I wrestled with my data demons until I came up with a strategy. I would end my unhealthy relationship with data and replace it with more empowering practices. So, I did what many people do when they find themselves in a bad relationship, I wrote a break up letter to end my old data ways…
Things have not been good between us for a long time. I have let you control my emotions and let good things in my life be overshadowed by you. I’ve heard it said that numbers don’t lie, but you tell half-truths at times. Decisions about outliers, sample size, measurement error, statistical formulas and cut scores can mislead data users like me. And you can be easily distorted by the way you appear in a chart or graph. Knowledge is power, and I am taking my power back. When presented with you, I will ask questions about your reliability, validity and generalizability. I will pay attention to the context in which you were collected. I will no longer depend on one isolated piece of you.

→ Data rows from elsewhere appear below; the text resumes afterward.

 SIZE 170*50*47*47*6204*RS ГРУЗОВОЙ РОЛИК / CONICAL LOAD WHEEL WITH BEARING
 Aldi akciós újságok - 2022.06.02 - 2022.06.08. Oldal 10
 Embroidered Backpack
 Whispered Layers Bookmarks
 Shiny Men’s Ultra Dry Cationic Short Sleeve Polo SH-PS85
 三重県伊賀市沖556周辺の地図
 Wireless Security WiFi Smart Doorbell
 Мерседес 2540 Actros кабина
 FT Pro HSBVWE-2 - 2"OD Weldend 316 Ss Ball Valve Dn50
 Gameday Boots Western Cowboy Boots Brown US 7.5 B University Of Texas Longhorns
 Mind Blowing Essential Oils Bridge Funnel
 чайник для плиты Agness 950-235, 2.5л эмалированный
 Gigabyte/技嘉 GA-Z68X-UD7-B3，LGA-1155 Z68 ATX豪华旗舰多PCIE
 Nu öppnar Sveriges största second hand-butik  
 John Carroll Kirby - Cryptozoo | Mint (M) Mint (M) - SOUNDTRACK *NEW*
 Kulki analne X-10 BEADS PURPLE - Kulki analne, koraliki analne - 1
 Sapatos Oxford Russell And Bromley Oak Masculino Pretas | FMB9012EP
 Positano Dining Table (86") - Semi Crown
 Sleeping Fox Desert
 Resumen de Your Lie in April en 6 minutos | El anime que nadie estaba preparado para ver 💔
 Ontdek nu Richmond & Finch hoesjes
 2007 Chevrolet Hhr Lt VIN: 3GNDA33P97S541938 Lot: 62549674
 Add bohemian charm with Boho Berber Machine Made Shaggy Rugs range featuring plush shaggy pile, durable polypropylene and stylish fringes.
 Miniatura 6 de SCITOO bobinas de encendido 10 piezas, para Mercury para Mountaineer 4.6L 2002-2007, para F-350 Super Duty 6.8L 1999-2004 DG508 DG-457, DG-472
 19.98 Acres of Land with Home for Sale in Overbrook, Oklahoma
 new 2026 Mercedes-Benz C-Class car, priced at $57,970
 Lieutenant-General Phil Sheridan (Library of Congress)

Data, you’re a tool. Without you, I would rely on my opinions, experiences and beliefs. I know that these are faulty at times and limited at best. I need you to hold up against my own intuitive knowledge as a check against my biases. I need you to tell me if my actions and decisions are moving me toward my goals. I need to use the benefits you offer while keeping you in perspective. You are just one piece of a big, complex, dynamic picture. So, I am letting go of this unhealthy relationship, but maybe we can still be friends.
If you are wrestling with your own data demons, you are not alone. We can’t abandon data informed decision making. We need data to check our biases and blind spots. We can find ways to use data in a balanced and healthy way. We can be savvy data consumers. We can look for the humanity behind the numbers and give ourselves a break. Let’s begin this year armed with knowledge, power and perspective.